**Collected data**
^^^^^^^^^^^^^^^^

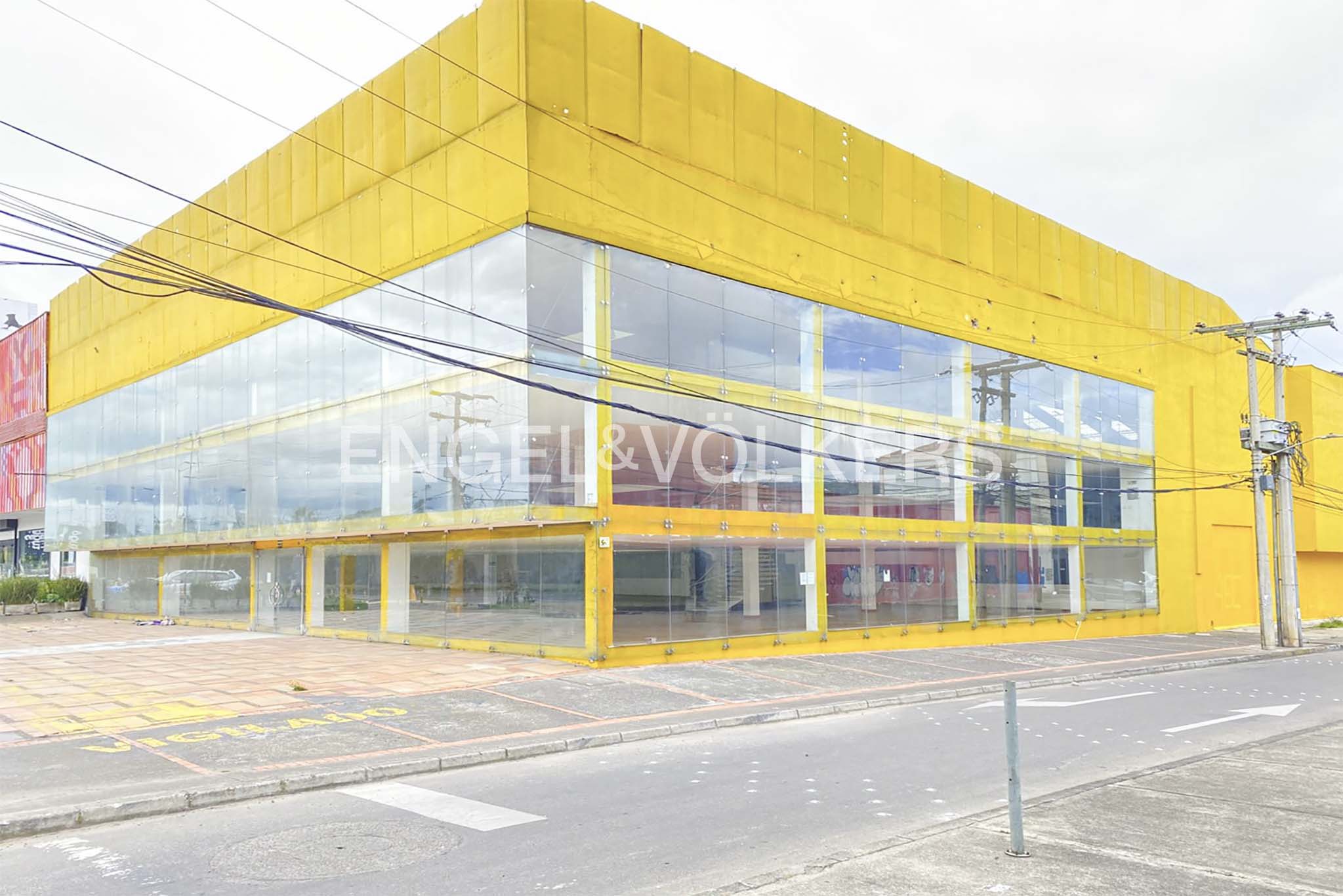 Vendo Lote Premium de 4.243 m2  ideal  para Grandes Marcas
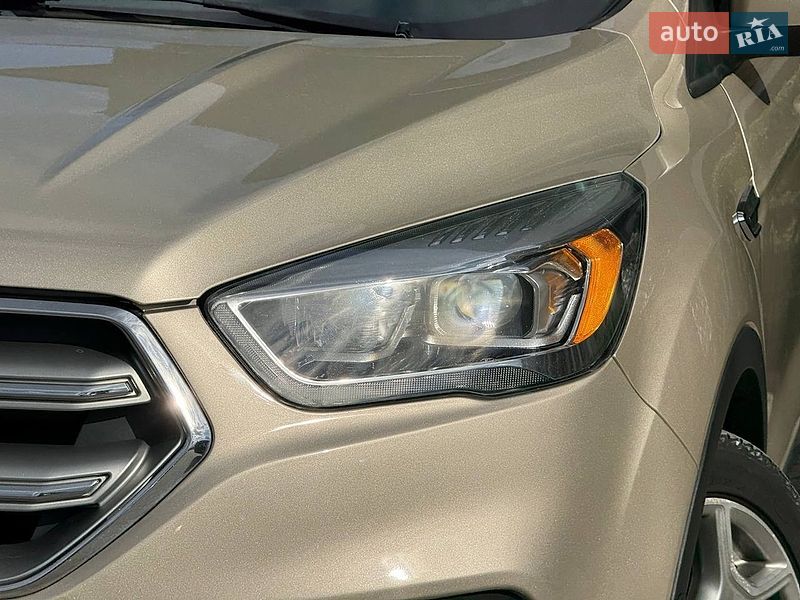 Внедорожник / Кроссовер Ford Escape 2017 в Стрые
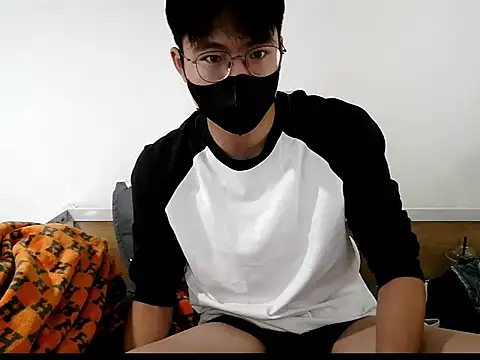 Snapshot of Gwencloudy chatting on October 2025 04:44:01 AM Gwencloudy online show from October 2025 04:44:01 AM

^^^^^^^^^^^^^^^^

Quote the material exactly. Pictures stay out.

 Vendo Lote Premium de 4.243 m2  ideal  para Grandes Marcas
 Внедорожник / Кроссовер Ford Escape 2017 в Стрые
 Snapshot of Gwencloudy chatting on October 2025 04:44:01 AM Gwencloudy online show from October 2025 04:44:01 AM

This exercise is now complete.